What the task asks: Restate word for word the lines below from the one that has "Scary Godmother Omnibus" through the one that has "One Night Casino", keeping both and dropping all pictures.

Records supplied:
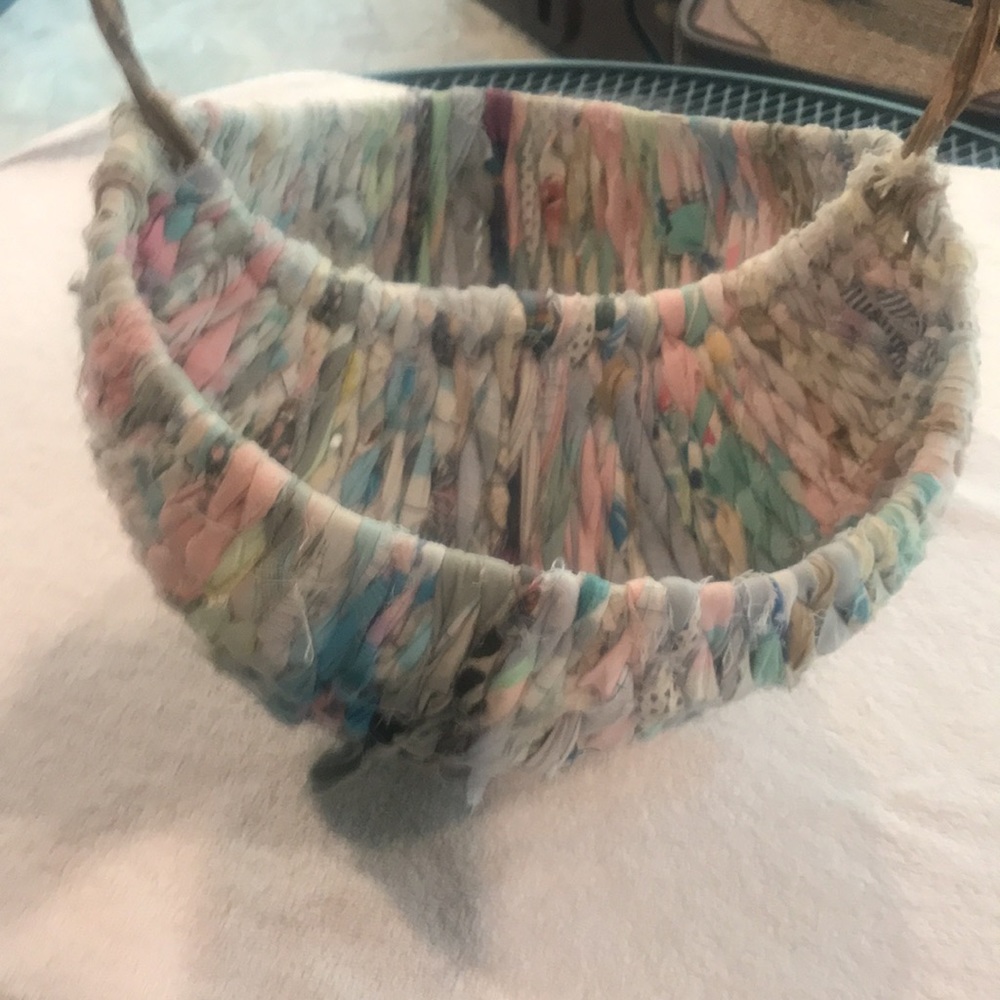 Basket Rag With Divider - Picture 3 of 9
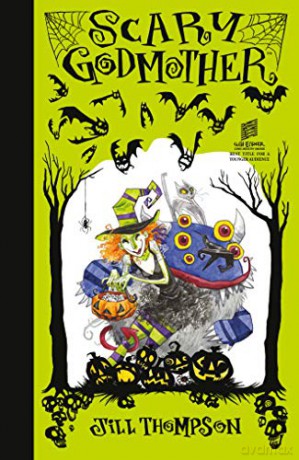 Scary Godmother Omnibus - Jill Thompson [KSIĄŻKA]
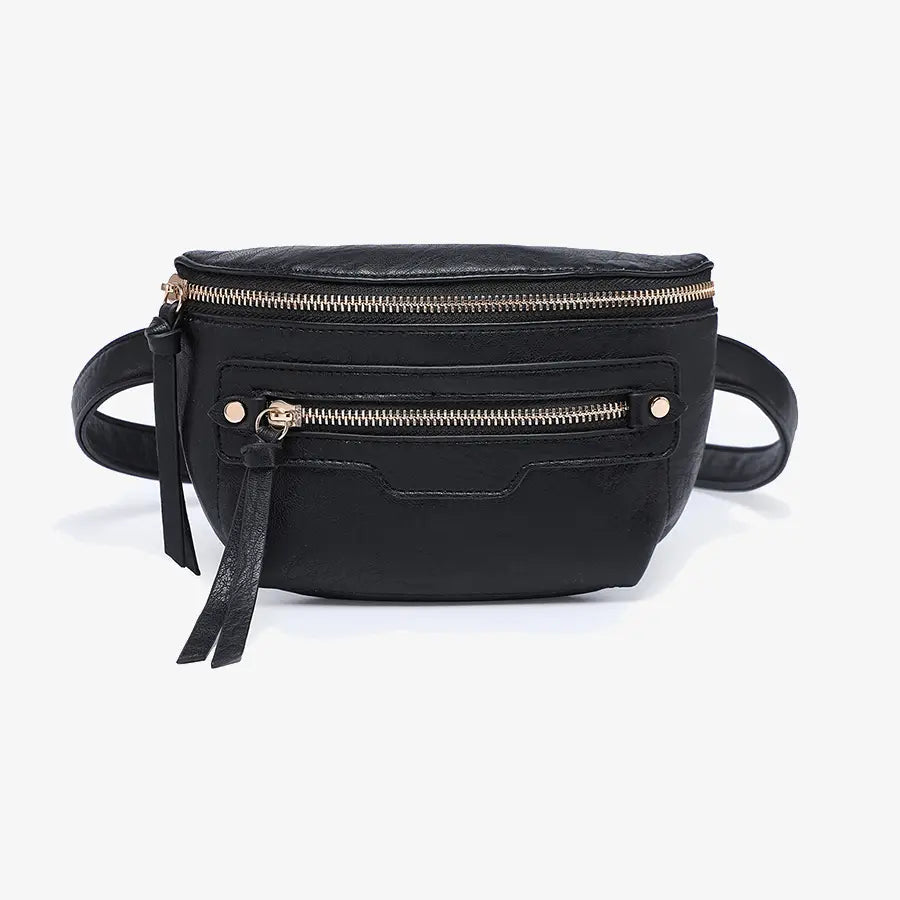 Astrid Distressed Sling Bag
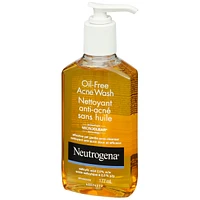 Oil-Free Acne Wash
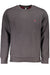 US GRAND POLO MENS GRAY ZIPLESS SWEATSHIRT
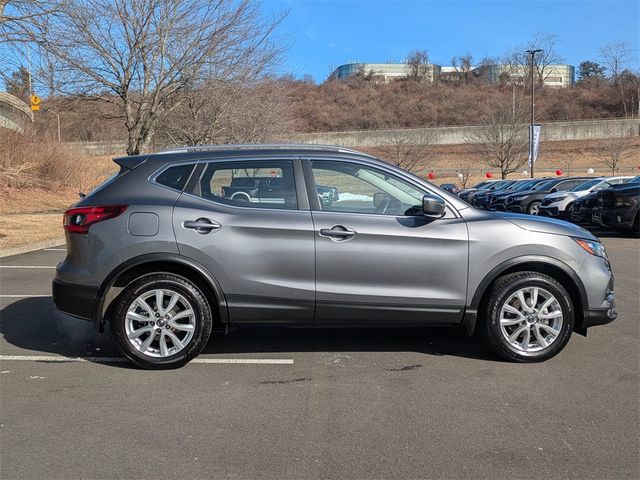 2021 Nissan Rogue Sport SV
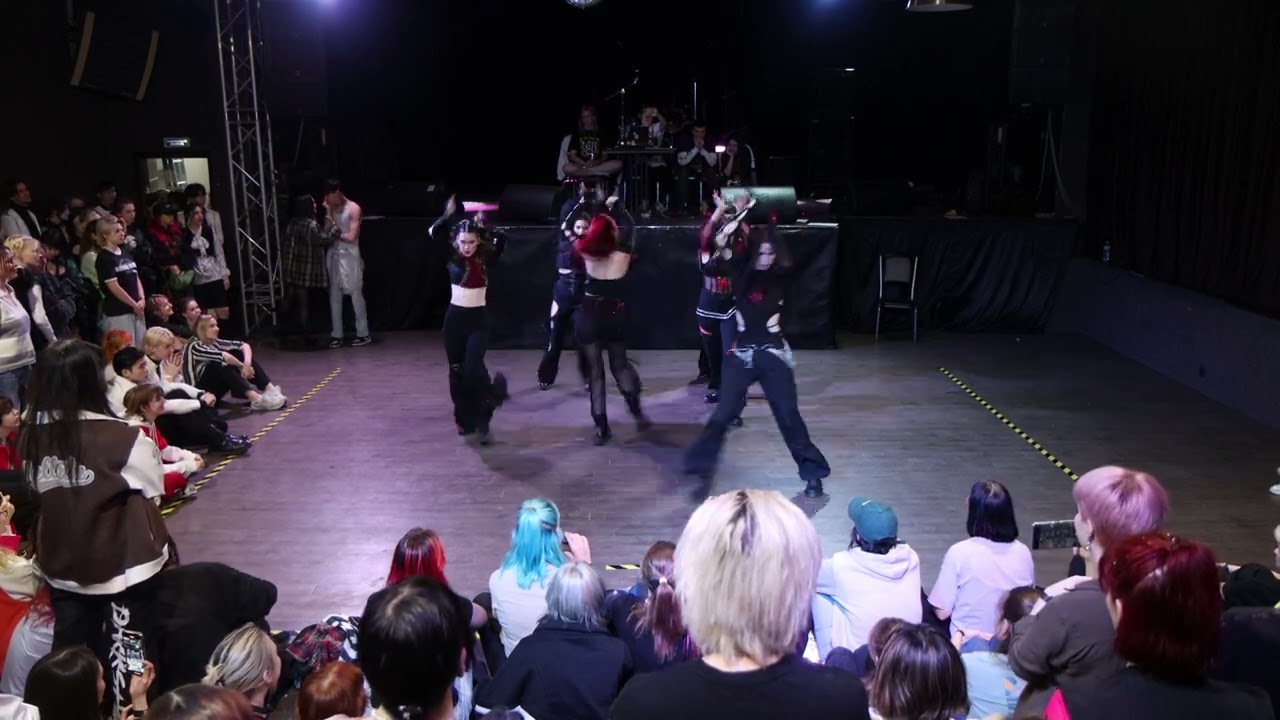 MOONWAY - Pixy - Bewitched - Финальный выход - K-POP COVER BATTLE 2023 STAGE 4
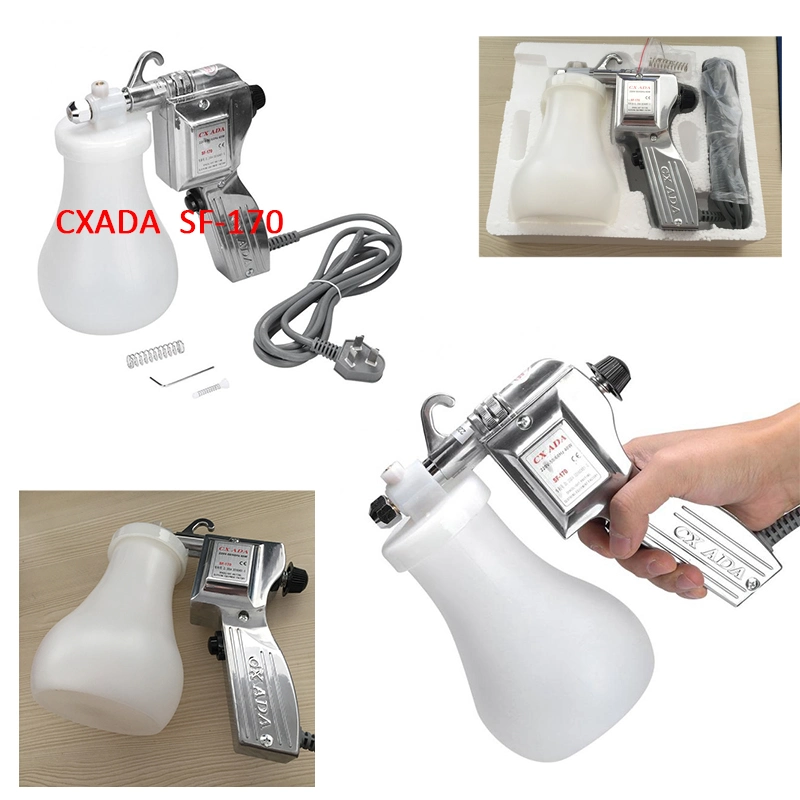 Textile Cleaning Spray Gun (SF 170 Series)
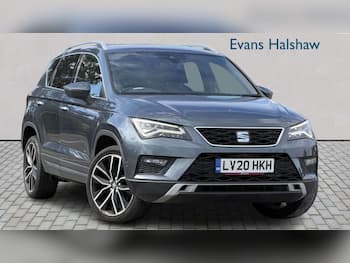 Used SEAT Ateca 2020 for sale - 79753886: Photo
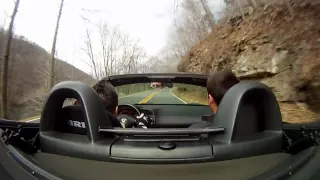 S2000 going to the dragon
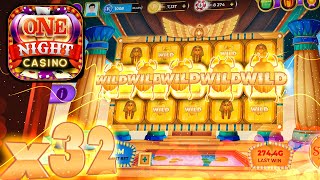 One Night Casino - Slots Vegas 777 - Gameplay Walkthrough Part 2 (iOS, Android) screenshot 4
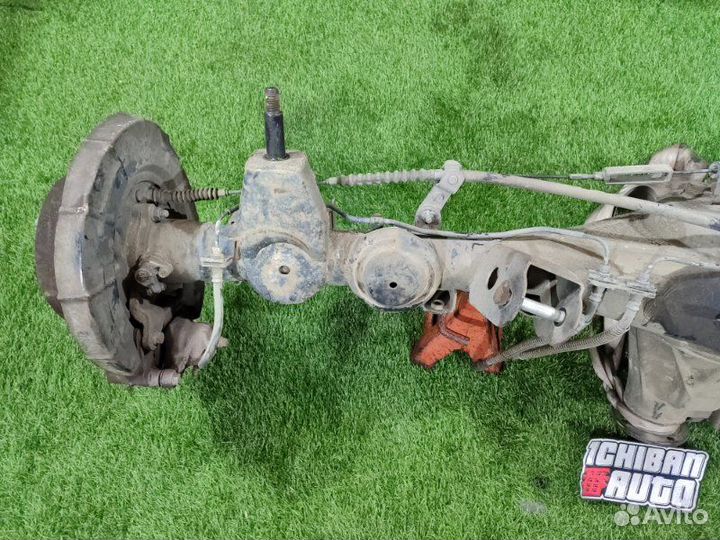 Мост задний Kia Sorento BL D4CB 2005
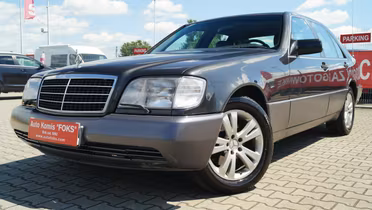 MERCEDES-BENZ S Klasa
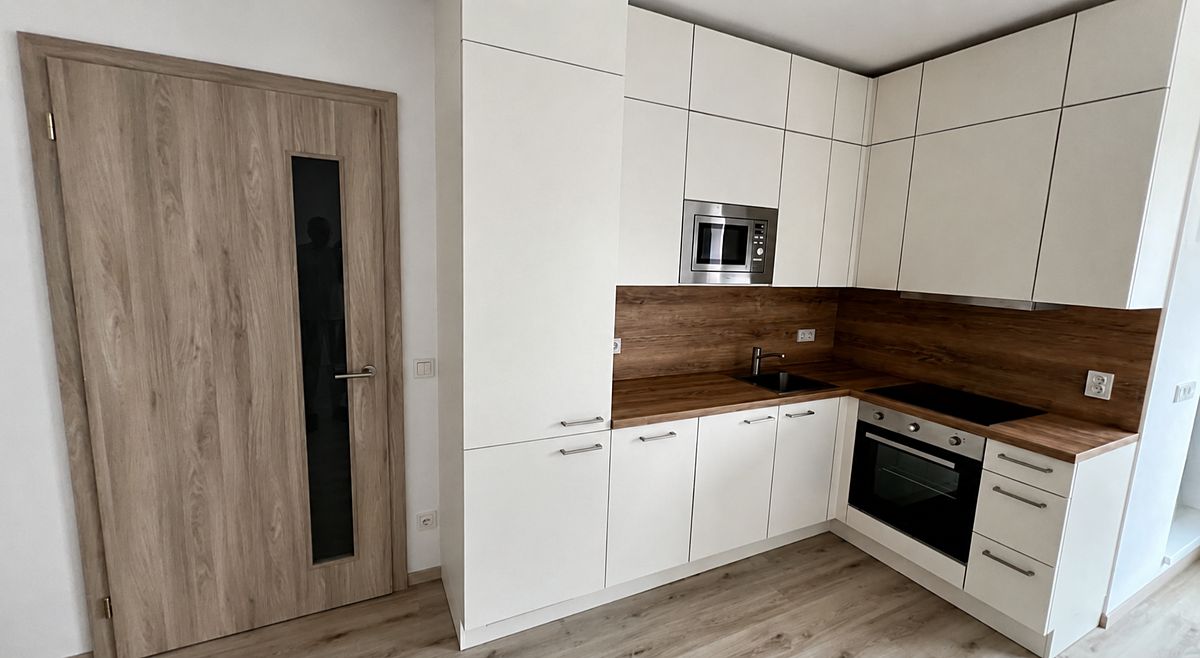 Pronájem bytu 1+kk 38 m²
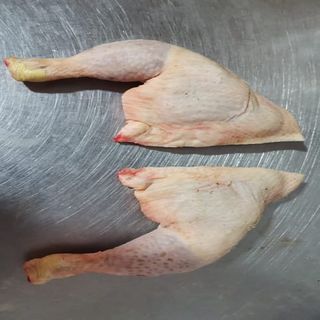 Traseros De Pollo (1 Kg.)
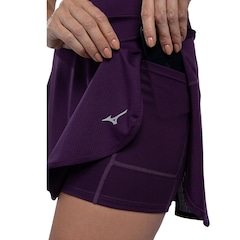 Shorts Saia Mizuno Energy Feminino - Foto 3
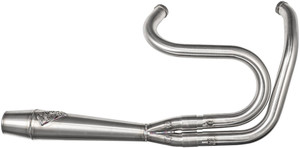 Sawicki - 2in1 Dyna Cannon Full Length Brushed Ss - 930-01240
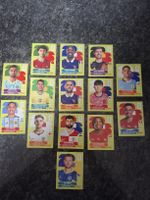 Panini WM 2026 Sticker Auswahl einzeln guter Zustand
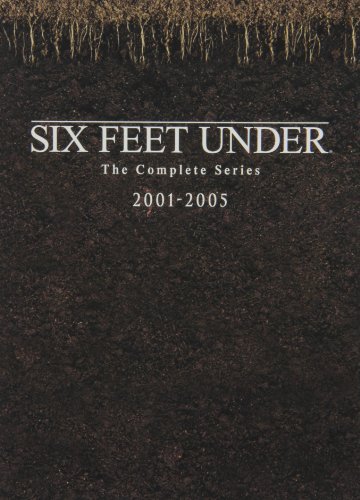 Six Feet Under Complete Series DVD Nr 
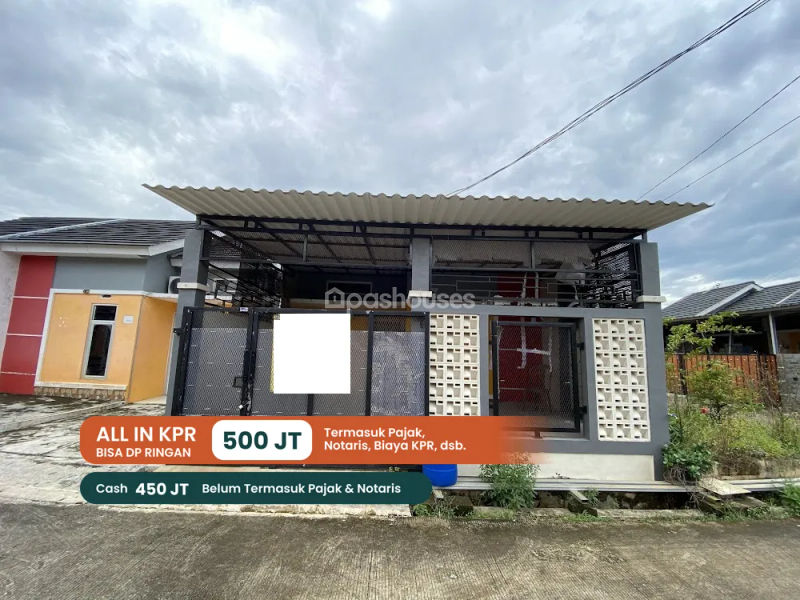Perumahan Panorama Regency Blok K11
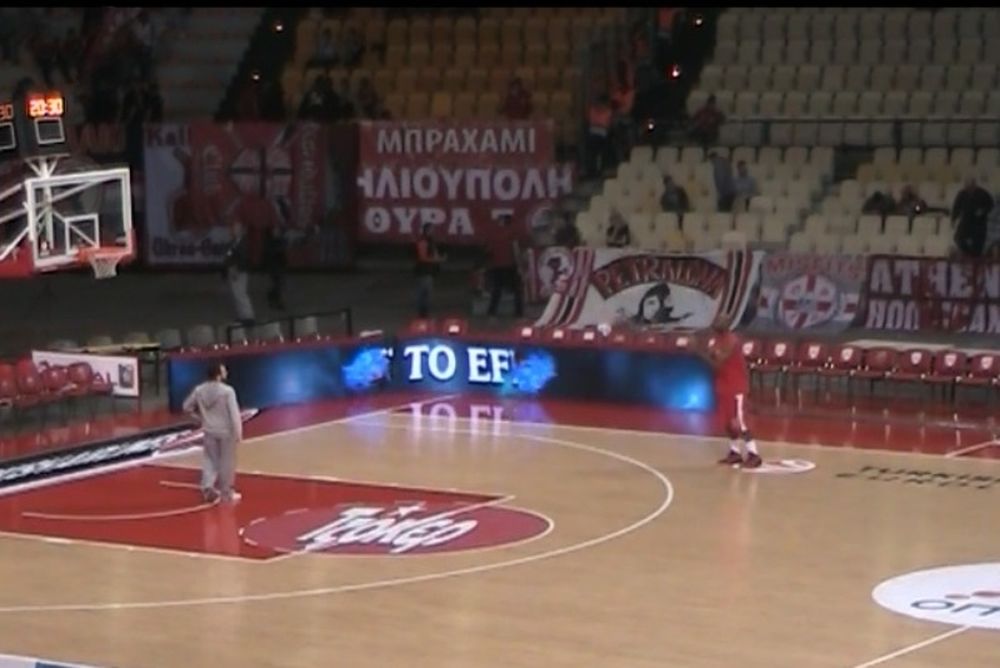 Onsports TV: Πρώτος ο Κόλινς στο ΣΕΦ (video)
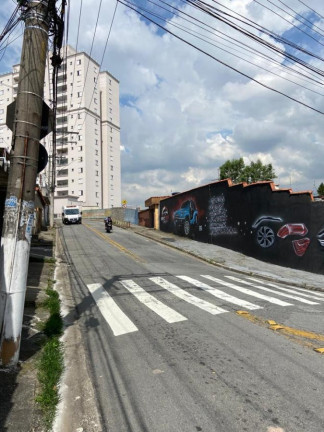 Imagem Terreno à Venda, 280 m² em Vila Humaitá - Santo André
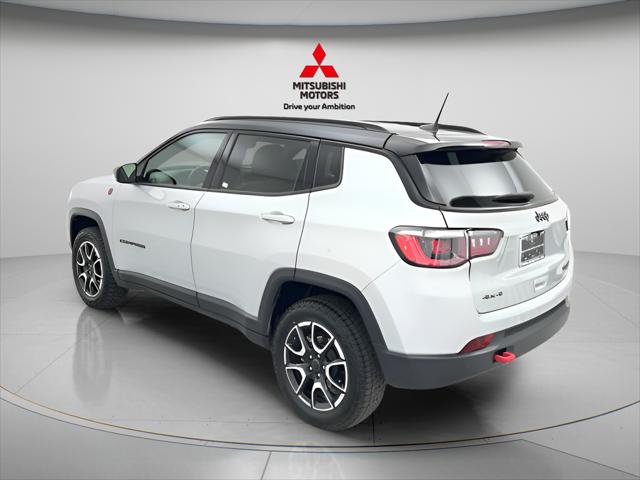 2025 Jeep Compass Trailhawk 4x4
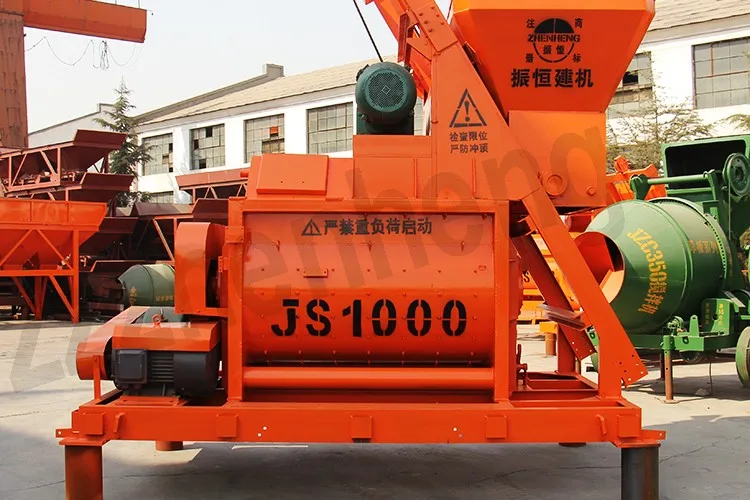 Factory Direct China 500l Js500 Js750 1m3 Buy Cement Mixers Prices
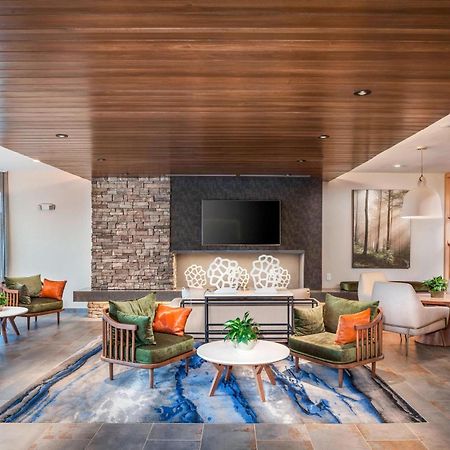 Fairfield Inn & Suites By Marriott Lebanon Exteriör bild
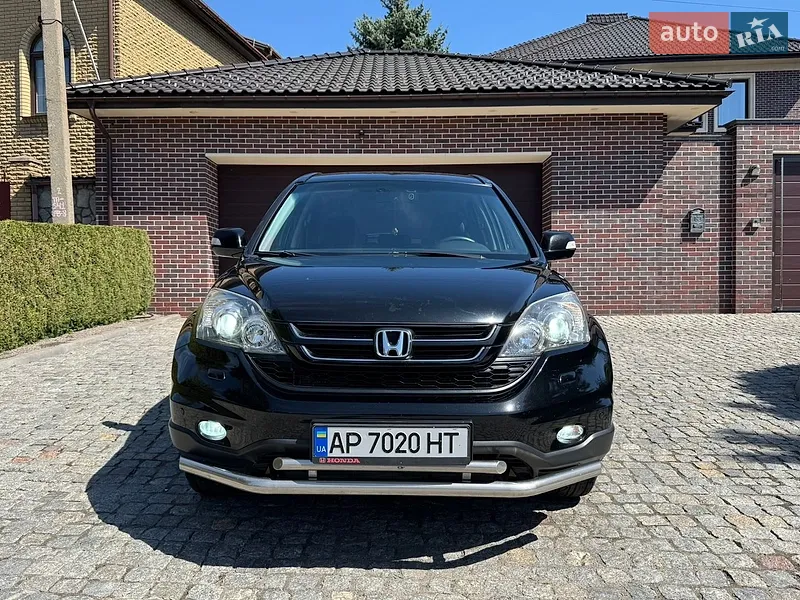 Honda CR-V 2012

Final answer:
 Scary Godmother Omnibus - Jill Thompson [KSIĄŻKA]
 Astrid Distressed Sling Bag
 Oil-Free Acne Wash
 US GRAND POLO MENS GRAY ZIPLESS SWEATSHIRT
 2021 Nissan Rogue Sport SV
 MOONWAY - Pixy - Bewitched - Финальный выход - K-POP COVER BATTLE 2023 STAGE 4
 Textile Cleaning Spray Gun (SF 170 Series)
 Used SEAT Ateca 2020 for sale - 79753886: Photo
 S2000 going to the dragon
 One Night Casino - Slots Vegas 777 - Gameplay Walkthrough Part 2 (iOS, Android) screenshot 4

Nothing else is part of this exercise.